In the years following Fast Retailing's acquisition of the Helmut Lang brand, it underwent various transformations, including a one-off collection designed by Shayne Oliver of Hood by Air for Spring 2018. These changes did not diminish Lang's stature—he has since focused on art in Long Island—but the recent collections lost a certain sense of direction. Peter Do's appointment appears poised to reinvigorate the brand. "The thing that I react really strongly to is work that almost looks like it's always been there. I felt like good design is a design that feels like it's always been there," he remarked on Vogue's The Run-Through podcast.
Do applied his meticulous attention to detail to the company's history.
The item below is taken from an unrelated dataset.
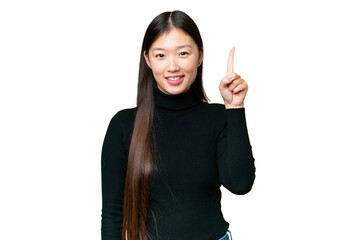 Wall Mural - Young Asian woman over isolated chroma key background pointing up a great idea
For instance, the recurring yellow taxi cab print was a nod to Lang's pioneering decision to advertise on the tops of taxi cabs—a move considered unconventional in high fashion at the time. Additionally, the print served as a thematic backdrop for the poet and collaborator Ocean Vuong, whose poem adorned the venue's concrete floor. This poetic tribute harked back to the iconic Jenny Holzer installation that graced the original Helmut Lang store at 80 Greene Street. Vuong's words also appeared on button-down shirts, worn in reverse so that they could be read as models walked by: "Your car was my first room / Our clothes on the floor like stepped-on flowers."
Do also demonstrated a firm grasp of Lang's tailoring, from flat-front natural waist trousers to androgynous yet subtly distinct jackets and crombie coats, all crafted from fabrics that are of the highest quality. The seat belt straps crisscrossing the torso and passing through belt loops were direct nods to the brand's archives, referencing the subculture of bondage clubs. However, remove these straps, and the suits seamlessly transition to the mainstream fashion world.
The new Helmut Lang's potential lies in offering high-fashion suits at accessible, non-luxury prices. Do emphasized a desire "to open up the dialogue to a wider group of people... and for the clothes to have longevity without being super expensive." He clarified that he would not have accepted the position if the brand's prices matched those of his eponymous label. This strategic differentiation between the two brands reflects Do's broader vision and business acumen, proving that while he may be starry-eyed about his designer hero, he is grounded and forward-thinking in his approach to the industry.